Het toeval hulde zich in symboliek: nadat zaterdag in het Concertgebouw het laatste werk van Louis Andriessen in première was gegaan, werd zondag vanaf hetzelfde podium teruggeblikt op het tijdperk waarvan Andriessen een van de gezichtsbepalers was. Het Concertgebouworkest bracht onder de noemer Speel Nederlands met me vier werken van eigen bodem, waaronder twee wereldpremières van jonge componisten.

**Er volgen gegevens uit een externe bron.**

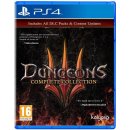 Hra na PS4 Dungeons 3 Complete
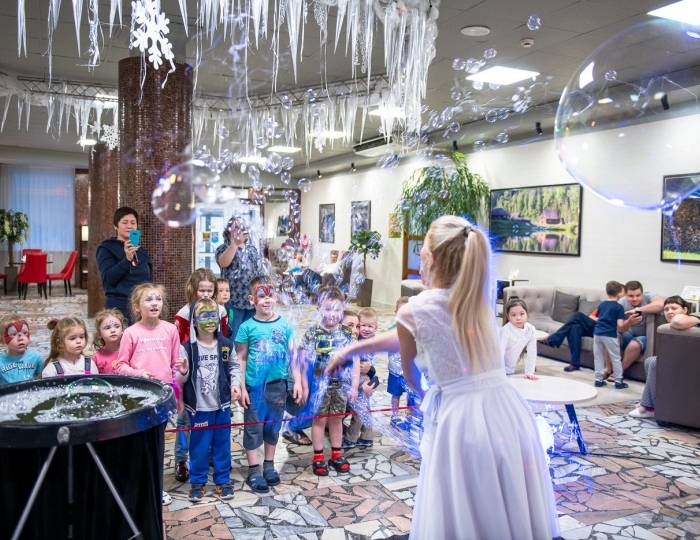 Услуги для детей - Санаторий «Россия» Белокуриха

Speel Nederlands met me is niet alleen een knipoog naar de hit van Kenny B. Het was ook een van de eisen die de ‘Notenkrakers’ op tafel legden na hun befaamde ‘Aktie’ van 19 november 1969. Andriessen, Reinbert de Leeuw, Peter Schat en anderen verstoorden een concert van het Concertgebouworkest met een concert van knijpkikkers omdat ze de programmering belegen vonden. Er moest meer nieuwe muziek en meer Nederlandse muziek gespeeld worden en de musici verdienden meer inspraak.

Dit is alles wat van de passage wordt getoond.